4.I.A 10064/2016 was filed to get the evidence re-opened. The evidence was sought to be re- opened to examine one more witness. I.A 10065/2016 was filed requesting to receive witness list after condoning the delay in filing it. The witness is stated to be the tenant of a room in the same building. His examination was sought in order to prove the disputed signatures in the disputed rent receipts. I.A 10066/2016 was filed requesting to issue summons to the said witness.
5.The Rent Control Court dismissed all the applications. The orders in I.A 10064/2016, I.A 10065/2016 and I.A 10066/2016 are Exts P6, P7 and P8 respectively. Two reasons are stated to dismiss those applications. First, the competence of the witness to prove the disputed fact was not shown to the satisfaction of the court. Second, the fact proposed to be proved would have no relevance as the disputed receipts were issued in the name of the tenant.
6.Heard the learned counsel on both sides. Perused Exts P1 to P8.
7.Petitioners herein are admittedly sub- tenants. They say that the sub-lease was not objectionable. According to them, it was with the consent of the landlady the building was sub-let. In order to prove their case, the sub-tenants produced a few rent receipts. They allege that those receipts were signed and issued by PW1 as the power of attorney holder of the landlady. PW1 denied the signatures in those receipts to be his. Therefore, the sub- tenants sought for the examination of a witness to prove the disputed signatures to be those of PW1. Should the sub-tenants be denied such an opportunity is the question.
8.Sub-tenants are certainly not necessary parties in a rent control proceedings between the landlady and the tenant. It is so even in cases where sub-lease is taken as a ground for eviction. But if they are made parties to the proceedings, they are entitled to contest and produce evidence as every party in any litigation could do.
9.The Rent Control Court said that it was not satisfied of the competence of the proposed witness to prove the disputed fact. That was one reason why the Rent Control Court dismissed the applications. The sub-tenants wanted to examine the witness to prove that the signatures in the disputed receipts belonged to PW1. The sub-tenants chose a tenant of the same building to prove the disputed signatures. He was chosen perhaps he might have received rent receipts signed by PW1. The competence of a witness to prove a fact is normally a matter to be decided after reading his evidence and not before his examination unless his incompetence is so patent.
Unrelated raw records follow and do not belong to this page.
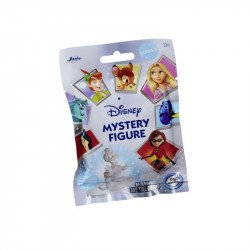 Disney gyűjthető Nanofigurák, fém Gyűjthető Disney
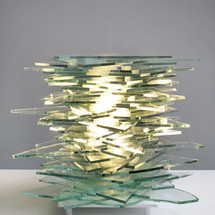 Lamp 1,5 m2, 2018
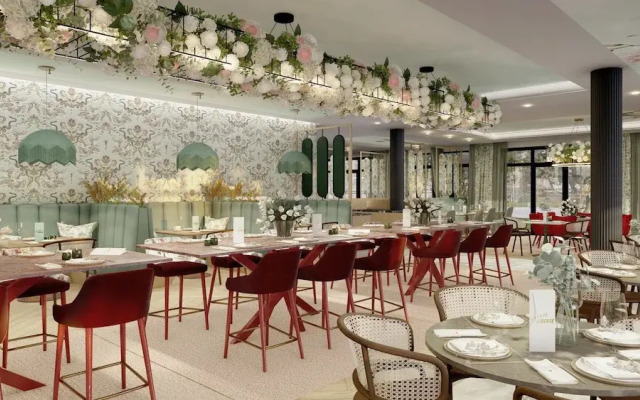 Hotel Grand Elisabeth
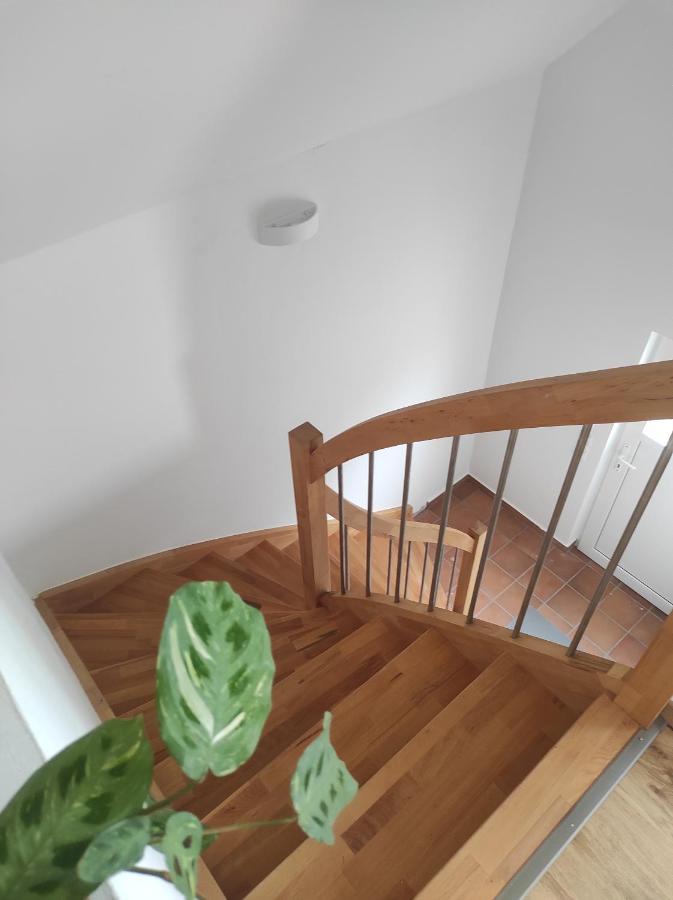 Ferienwohnung Im Distelweg Scheid  Eksteriør bilde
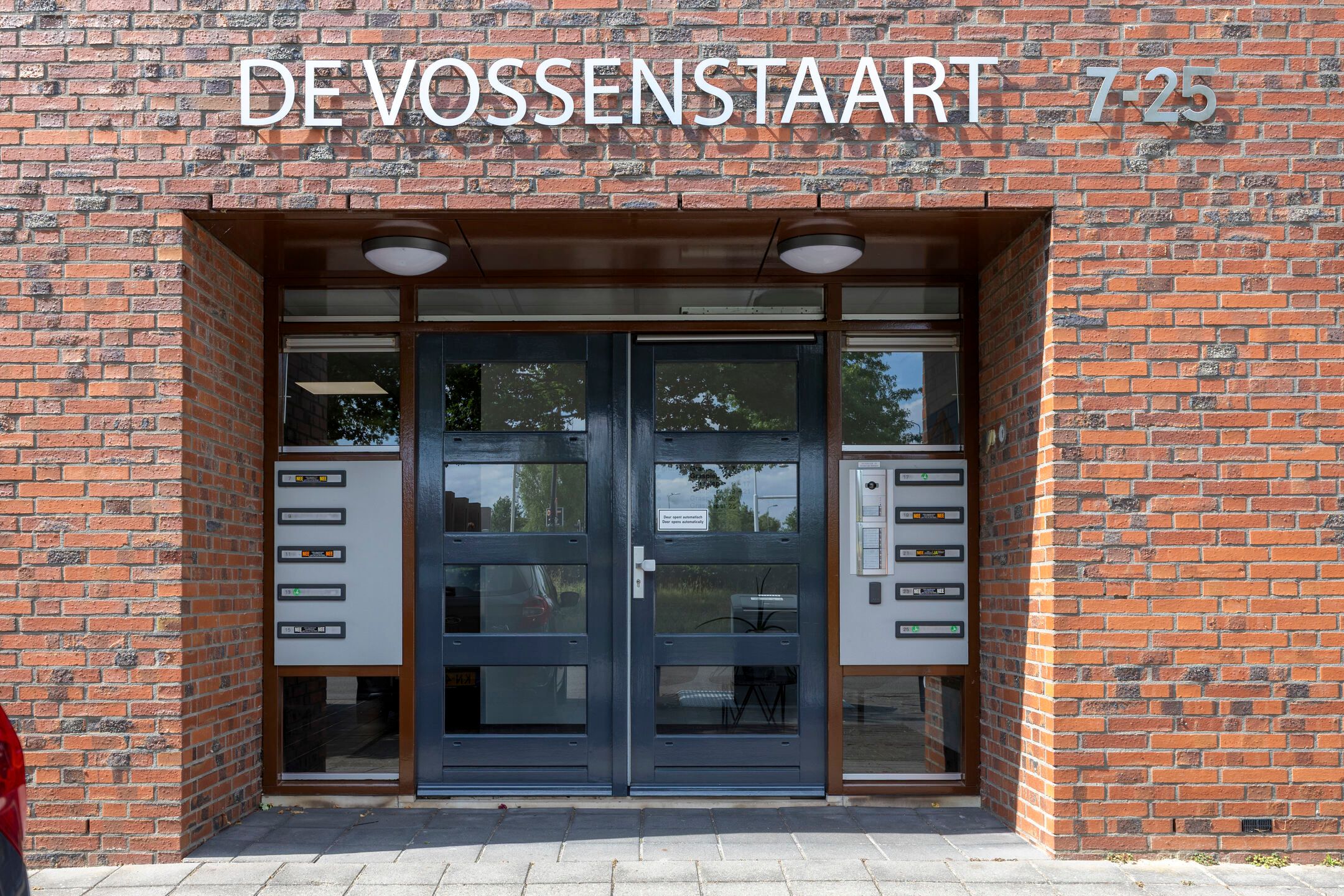 Foto 9 van Graspieper 25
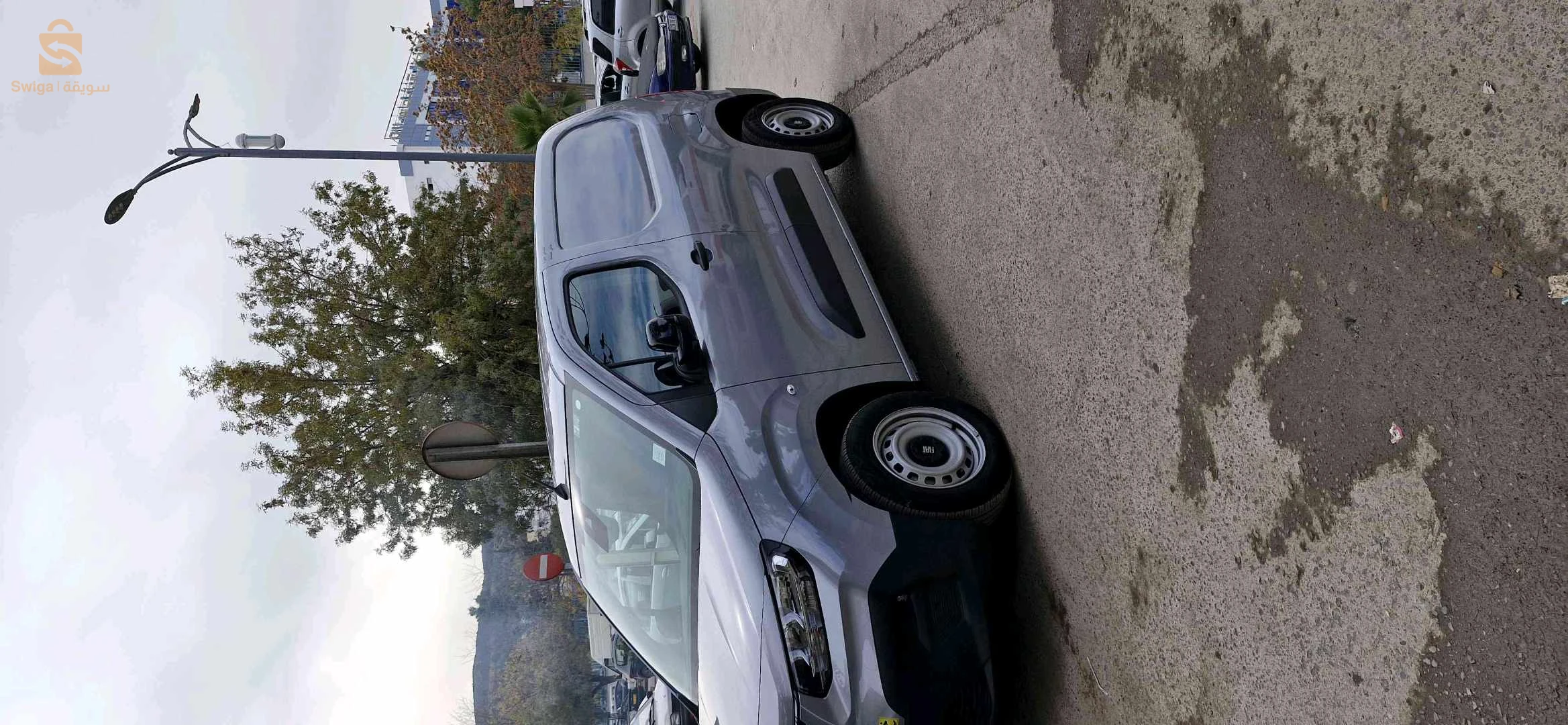 فيات Doblo 2024 5 باتنة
10.Section 67 of the Indian Evidence Act reads thus:-
“If a document is alleged to be signed
or to have been written wholly or in
part by a person, the signature or the
handwriting of so much of the document
as is alleged to be in that person’s
handwriting must be proved to be in his
handwriting”.
In view of Section 67 it is obligatory for the sub-tenants to prove the disputed signatures to be the signatures of PW1. They only sought an opportunity to prove the disputed signatures. Section 67 which deals with proof of signature and handwriting does not state the manner in which it should be proved. It may be proved by any kind of evidence. The signature of a person may be proved by another person who is acquainted with the signature of the former. That precisely was what the sub-tenants wanted to attempt. They should be afforded the opportunity. The competence of the witness to prove the disputed signatures may be assessed after his evidence is recorded. Let not it be decided before he goes to the witness box. The evidence need not be shut out. We are unable to accept the first reason given by the Rent Control Court to dismiss Exts P3 to P5 applications.
11.The fact sought to be proved by the sub- tenants did not appear to the Rent Control Court to be relevant. That was the second reason given for dismissing the applications. The Rent Control Court said that it was not relevant since the disputed receipts stood in the name of the tenant. The Rent Control Court did not state any other reason for holding it to be not relevant. We are unable to agree with that reasoning too. The receipts issued in the name of the tenant were produced by the sub- tenants. The receipts might have gone into the hands of the sub-tenants through the hands of the tenant. PW1 might have issued the receipts to the sub-tenants when rent was received from them. Possibilities are many. How did the sub-tenants get the receipts is certainly a relevant question if the receipts were really issued by PW1. That question too can be decided only after collecting the whole evidence in the case. Let the evidence come first. The second reason given by the Rent Control Court is also not acceptable.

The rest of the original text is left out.